> **AIM OF THE TASK**:
Look below for the line containing "3353 Mockingbird Common"; from there, print each line exactly up to and including the line containing "18823 Pier Trail", and stop.
---
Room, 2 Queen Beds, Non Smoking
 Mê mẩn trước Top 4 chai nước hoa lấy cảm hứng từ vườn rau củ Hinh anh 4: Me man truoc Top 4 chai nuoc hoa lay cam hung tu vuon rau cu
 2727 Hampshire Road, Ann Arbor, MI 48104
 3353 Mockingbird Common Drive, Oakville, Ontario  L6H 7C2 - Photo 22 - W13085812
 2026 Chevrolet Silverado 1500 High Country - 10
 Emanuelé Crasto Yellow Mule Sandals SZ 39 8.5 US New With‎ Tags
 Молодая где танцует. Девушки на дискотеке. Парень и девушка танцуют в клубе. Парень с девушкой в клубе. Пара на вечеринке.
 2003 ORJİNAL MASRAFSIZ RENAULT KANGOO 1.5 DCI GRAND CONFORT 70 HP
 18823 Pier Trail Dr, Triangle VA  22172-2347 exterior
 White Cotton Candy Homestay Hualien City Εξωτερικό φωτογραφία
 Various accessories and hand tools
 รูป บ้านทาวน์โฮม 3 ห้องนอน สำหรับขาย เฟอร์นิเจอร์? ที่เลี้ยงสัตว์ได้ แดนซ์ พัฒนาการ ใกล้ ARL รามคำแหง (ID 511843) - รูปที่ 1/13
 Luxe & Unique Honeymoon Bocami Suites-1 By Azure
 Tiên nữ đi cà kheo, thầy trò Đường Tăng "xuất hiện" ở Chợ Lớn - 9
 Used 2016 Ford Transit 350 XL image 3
---
> **ANSWER BELOW**:
 3353 Mockingbird Common Drive, Oakville, Ontario  L6H 7C2 - Photo 22 - W13085812
 2026 Chevrolet Silverado 1500 High Country - 10
 Emanuelé Crasto Yellow Mule Sandals SZ 39 8.5 US New With‎ Tags
 Молодая где танцует. Девушки на дискотеке. Парень и девушка танцуют в клубе. Парень с девушкой в клубе. Пара на вечеринке.
 2003 ORJİNAL MASRAFSIZ RENAULT KANGOO 1.5 DCI GRAND CONFORT 70 HP
 18823 Pier Trail Dr, Triangle VA  22172-2347 exterior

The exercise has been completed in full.